Time Inc. Experiments with Customizable mine Magazine

What is it?

Time Inc. is hoping to bring the customization of the Web into the print world. mine is a five-issue, ten-week, experimental magazine that allows readers to select Time Warner/American Express Co. magazines that Time editors will combine into a personalized magazine with 56 possible combinations. Fast Company describes it as an expanded RSS feed of sorts, with content available from places such as Food & Wine, Real Simple, Sports Illustrated and Travel + Leisure. The magazine will be free, with a 36-page print edition available to the first 31,000 respondents and an online version available to 200,000.

All ads in the magazine will be for the Lexus 2010 RX SUV – but will be personalized messages for each subscriber, targeted to their interests. (Source: Fast Company)

Why is it interesting?

Newspapers across the country are folding (most notably The Rocky Mountain News and The Seattle Post-Intelligencer), a true sign that readers’ habits are changing. CNN reports that at least 120 newspapers in the U.S. have shut down since January 2008. Magazines are struggling as well, with many titles such as Radar and Domino feeling the economic crunch and behavioral shifts. Consumers today are used to fully personalized content, delivered when and where they want it. The concept of personalized print is a great one, but the payoff in Time’s experimental magazine is probably not enough to get people to sign up. Depending on the messaging, the Lexus ads may also be unwelcomed by readers.
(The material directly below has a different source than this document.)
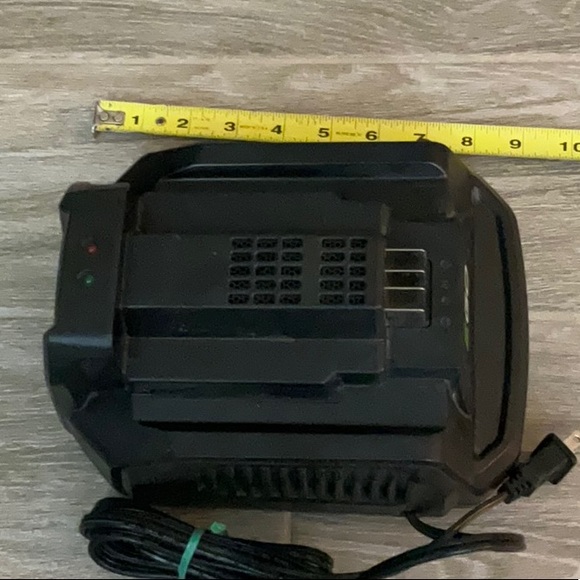 EGO Black Charging Station - Picture 3 of 3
I personally just signed up at the mine site, with the print version still available. After selecting five magazines (InStyle, Real Simple, Time, Food & Wine and Travel + Leisure), I then landed on a Thank You page with Lexus videos and a link to a widget. The widget is comprised of RSS feeds from the same magazine options, but it doesn’t have any multimedia content (or send to a friend functionality). Is the print edition even necessary, with the direct RSS feeds from these sources? Once the print version shows up in my mailbox, a review will follow soon after…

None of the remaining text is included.